PROBLEM STATEMENT — Set down each line of the material that follows, exactly, with no pictures.

RAW DATA —
━━━━━━━━━━

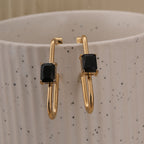 Black Stone Geometric Earrings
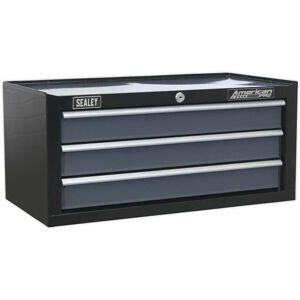 Loops 605 x 310 x 275mm BLACK 3 Drawer MID-BOX Tool Chest - Tool Storage Cabinet Loops 605 x 310 x 275mm BLACK 3 Drawer MID-BOX Tool Chest - Tool Storage Cabinet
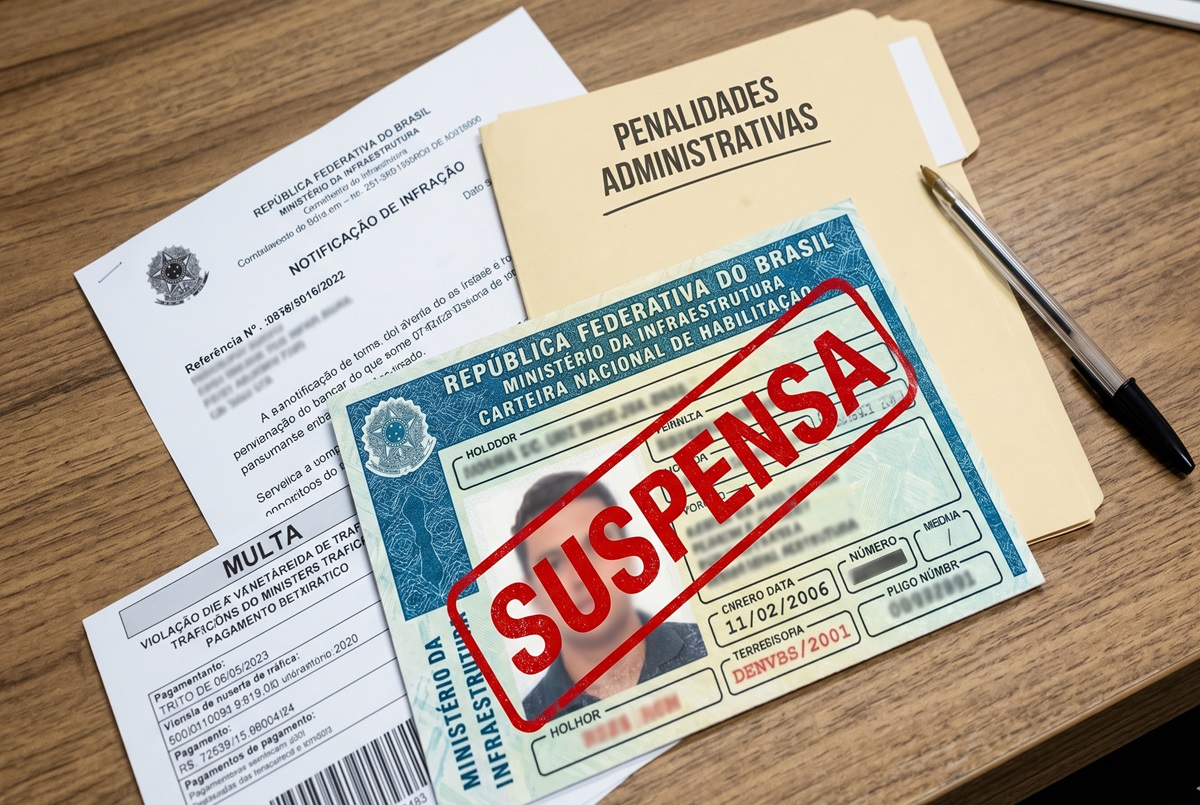 CNH brasileira com carimbo "SUSPENSA" sobre documentos de multa e pasta de penalidades administrativas em mesa de madeira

━━━━━━━━━━

RESULT OF THIS TASK —
 Black Stone Geometric Earrings
 Loops 605 x 310 x 275mm BLACK 3 Drawer MID-BOX Tool Chest - Tool Storage Cabinet Loops 605 x 310 x 275mm BLACK 3 Drawer MID-BOX Tool Chest - Tool Storage Cabinet
 CNH brasileira com carimbo "SUSPENSA" sobre documentos de multa e pasta de penalidades administrativas em mesa de madeira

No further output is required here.